Berikutnya menyusul adalah penggunaan bahasa Jawa di tingkat SD dan SMP se Surabaya dalam program Kamis Mlipis (penggunaan bahasa Jawa) setiap hari kamis.
Maka dengan adanya Aksara dan Bahasa sebagai entitas berbeda tapi saling mendukung dan terkait dengan Raperda, maka Raperda itu akan menjadi payung hukum dalam rangka pelindungan, pengembangan dan pembinaan dua Object bahasa dan Aksara Jawa.
Satu Object lainnya adalah Sastra. Sastra merupakan salah satu objek kebudayaan. Sastra, sebagai karya seni yang menggunakan bahasa, mencerminkan dan membentuk nilai-nilai, kepercayaan, serta pandangan dunia terhadap suatu masyarakat. Ia menjadi bagian integral dari kebudayaan, karena sastra tidak hanya sebuah karya tulis, tetapi juga cerminan dari realitas sosial dan budaya.
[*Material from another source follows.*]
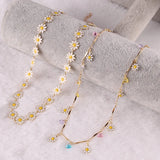 Vintage Pearl Beads Daisy Chain Necklace for Women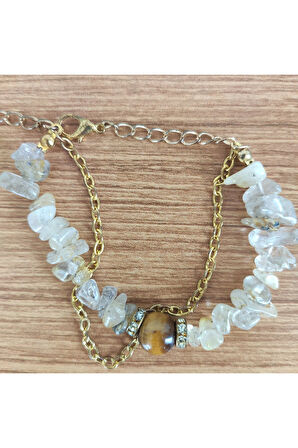 Kaplan Gözü ve Kristal Kuvars Doğal Taş Bileklik - 6817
Karya tulis itu bisa dalam aksara Jawa atau aksara latin. Penyatuan tiga unsur literasi: Bahasa, Sastra dan Aksara ini akan mendorong pegiat budaya serta pegiat bahasa dan aksara Jawa serta penulis membuat karya karya tulis. Misalnya telah terbit buku cerita anak, yang ditulis dalam aksara Jawa seperti “Titi Tikus Ambeg Welas Asing”, karya Ita Surojoyo (2023).
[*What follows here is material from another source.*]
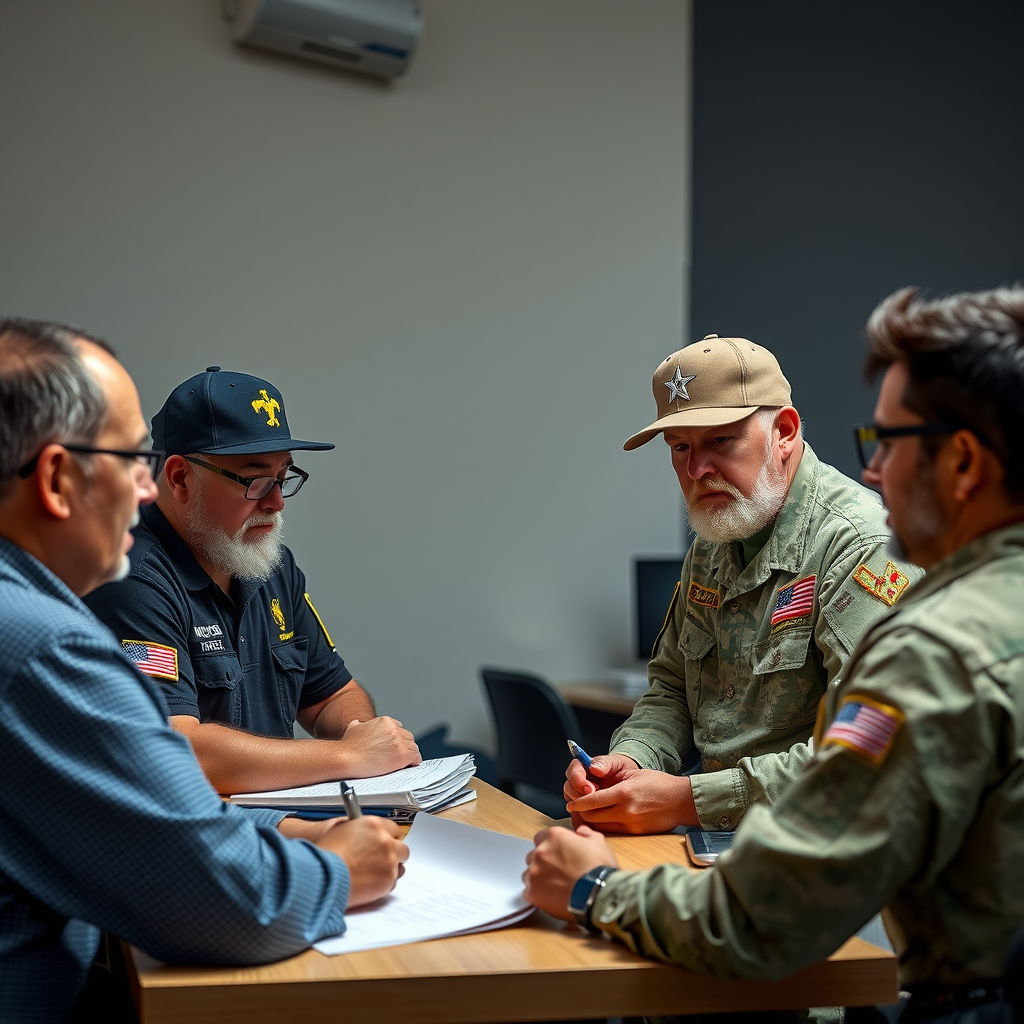 Group of veterans participating in mentorship workshop with collaborative discussion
Lainnya adalah Dyah Kurniawati asal Madiun, yang produktif dengan karya karya sastra dalam bahasa Jawa yang ditulis dengan aksara Jawa.
“Penutup 2024. Dengan menulis, tak sengaja bisa membawa nama madrasah ke Tingkat Kanwil Kemenag Jatim. (padahal saya menulis adalah curhat hehe). Semoga berkah untuk semuanya”, tulisnya di akun Facebook nya.
Khusus Surabaya, semoga dengan payung hukum, geliat bahasa, sastra dan aksara Jawa semakin berkembang.
Kembali ke kongres, lantas hasil kongres bahasa Jawa VII tersebut menyoroti penyatuan tiga unsur literasi Jawa, yaitu bahasa, sastra, dan aksara, serta upaya perlindungan dan pengembangannya melalui berbagai kegiatan. (PAR/nng)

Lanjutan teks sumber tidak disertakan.